1 lb ground pork (we use antibiotic free)
1 lb ground beef (we use 85/15 grass fed beef. 80/20 would be okay too but don't go with 95/5 as you need the fat for this to taste good)
Seasonings are approximate and to taste. Increase heat and salt as you taste the meat to your personal preference. We prefer using organic spices.
2.5 TBSP hot chili powder
1 TBSP cumin
2 cloves finely minced garlic (we leave the garlic out as I eat FODMAP but this is in the original family recipe)
1.5 TBSP ground sage
1 tsp cayenne pepper powder
2 tsp crushed red pepper
1/4 tsp black pepper
Start with 1 tsp salt and add more to taste
Brown beef and pork in a skillet. Break the meat up as it is cooking. You're looking for the texture to be as fine as possible. As the meat is turning brown, add all of your spices and about 1/2 c or so of water. Stir well, turn to a low simmer and cover. Every 6 to 7 minutes, open the lid and keep breaking the meat up to get that fine texture. Add a little more water if the spices and heat of cooking have sucked the water up. What you're looking for is to see a little bit of fluid pooling but not have the meat drowning, like a little bit of a greasy sauce.
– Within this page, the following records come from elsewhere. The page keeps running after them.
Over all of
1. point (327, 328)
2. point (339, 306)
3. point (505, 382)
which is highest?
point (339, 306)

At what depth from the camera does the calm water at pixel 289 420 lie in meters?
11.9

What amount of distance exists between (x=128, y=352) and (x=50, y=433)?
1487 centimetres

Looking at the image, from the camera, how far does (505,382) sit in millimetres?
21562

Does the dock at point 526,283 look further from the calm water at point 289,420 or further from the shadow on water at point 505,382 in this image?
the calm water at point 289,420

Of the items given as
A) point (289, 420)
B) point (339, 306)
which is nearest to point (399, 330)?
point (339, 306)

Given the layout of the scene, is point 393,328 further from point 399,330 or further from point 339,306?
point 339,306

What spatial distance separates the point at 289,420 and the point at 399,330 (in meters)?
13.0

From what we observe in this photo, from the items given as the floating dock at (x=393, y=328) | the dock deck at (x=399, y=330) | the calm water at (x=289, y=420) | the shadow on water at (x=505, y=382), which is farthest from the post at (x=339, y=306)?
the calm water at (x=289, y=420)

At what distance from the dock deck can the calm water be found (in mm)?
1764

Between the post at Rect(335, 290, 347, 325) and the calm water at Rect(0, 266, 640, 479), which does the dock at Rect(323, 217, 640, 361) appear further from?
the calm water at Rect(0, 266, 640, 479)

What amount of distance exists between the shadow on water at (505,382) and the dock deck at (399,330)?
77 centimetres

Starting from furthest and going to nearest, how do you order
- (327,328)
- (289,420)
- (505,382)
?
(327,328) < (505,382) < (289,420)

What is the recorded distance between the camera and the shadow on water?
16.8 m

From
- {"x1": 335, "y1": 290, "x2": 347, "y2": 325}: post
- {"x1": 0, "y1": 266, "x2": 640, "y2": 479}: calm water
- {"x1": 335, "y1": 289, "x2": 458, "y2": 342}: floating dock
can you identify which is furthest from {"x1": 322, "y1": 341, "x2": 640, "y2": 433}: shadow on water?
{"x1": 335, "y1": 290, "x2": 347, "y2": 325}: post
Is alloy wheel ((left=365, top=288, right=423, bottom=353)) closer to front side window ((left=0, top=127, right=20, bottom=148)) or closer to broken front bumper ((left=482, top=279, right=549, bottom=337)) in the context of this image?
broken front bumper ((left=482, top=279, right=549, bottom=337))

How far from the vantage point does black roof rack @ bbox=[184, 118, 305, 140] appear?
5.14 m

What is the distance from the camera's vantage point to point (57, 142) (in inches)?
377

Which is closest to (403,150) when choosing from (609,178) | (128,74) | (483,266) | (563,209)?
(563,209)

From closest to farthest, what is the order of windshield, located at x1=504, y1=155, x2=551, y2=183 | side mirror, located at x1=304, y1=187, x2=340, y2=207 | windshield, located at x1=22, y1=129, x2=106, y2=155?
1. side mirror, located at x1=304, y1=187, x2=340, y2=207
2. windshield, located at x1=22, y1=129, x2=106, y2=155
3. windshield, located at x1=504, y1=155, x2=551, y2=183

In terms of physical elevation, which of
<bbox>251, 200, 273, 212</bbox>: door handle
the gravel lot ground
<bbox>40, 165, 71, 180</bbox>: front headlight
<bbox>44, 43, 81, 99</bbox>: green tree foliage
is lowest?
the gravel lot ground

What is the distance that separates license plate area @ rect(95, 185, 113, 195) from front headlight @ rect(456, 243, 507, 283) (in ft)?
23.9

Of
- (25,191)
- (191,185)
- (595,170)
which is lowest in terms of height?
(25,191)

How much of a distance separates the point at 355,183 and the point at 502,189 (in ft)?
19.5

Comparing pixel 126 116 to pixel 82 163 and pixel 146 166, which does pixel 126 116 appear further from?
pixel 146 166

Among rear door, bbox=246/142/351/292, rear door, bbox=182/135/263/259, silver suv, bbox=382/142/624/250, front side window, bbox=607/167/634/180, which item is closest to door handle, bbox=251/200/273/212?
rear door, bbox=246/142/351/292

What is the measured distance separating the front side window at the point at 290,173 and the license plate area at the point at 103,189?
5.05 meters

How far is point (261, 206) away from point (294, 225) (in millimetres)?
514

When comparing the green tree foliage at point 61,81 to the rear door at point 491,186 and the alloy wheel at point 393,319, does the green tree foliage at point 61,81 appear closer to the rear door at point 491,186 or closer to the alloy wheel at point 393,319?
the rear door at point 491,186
You want the little bit of water and fat from the meat to come together as a reddish spicy oil in the bottom of the pan. The grease is important for the taste. It takes about 40 minutes of low simmering and tending to have all the flavors come together. Add a little salt toward the end to taste.
Once your delicious, slightly spicy meat is ready, you will top it on spaghetti noodles. The northern Ohio way is to top spaghetti noodles with a large portion of this meat and then top that with some pinto beans and finely diced raw white onion. That is how Greg prefers to eat it with lots of parmesan on top, along with a few other modifications below. We actually use Locatelli's pecorino romano because it is saltier and more flavorful that parmesan.
We also halve and roast grape tomatoes in the oven and top our mac with those. Diced raw tomatoes are more a Cincinnati interpretation but we prefer the flavor of the roasted grape (or cherry) tomatoes. Cincinnati variants also are topped with a boat load of shredded cheddar, but we put the cheddar in with the noodles so that it melts, if we use cheddar.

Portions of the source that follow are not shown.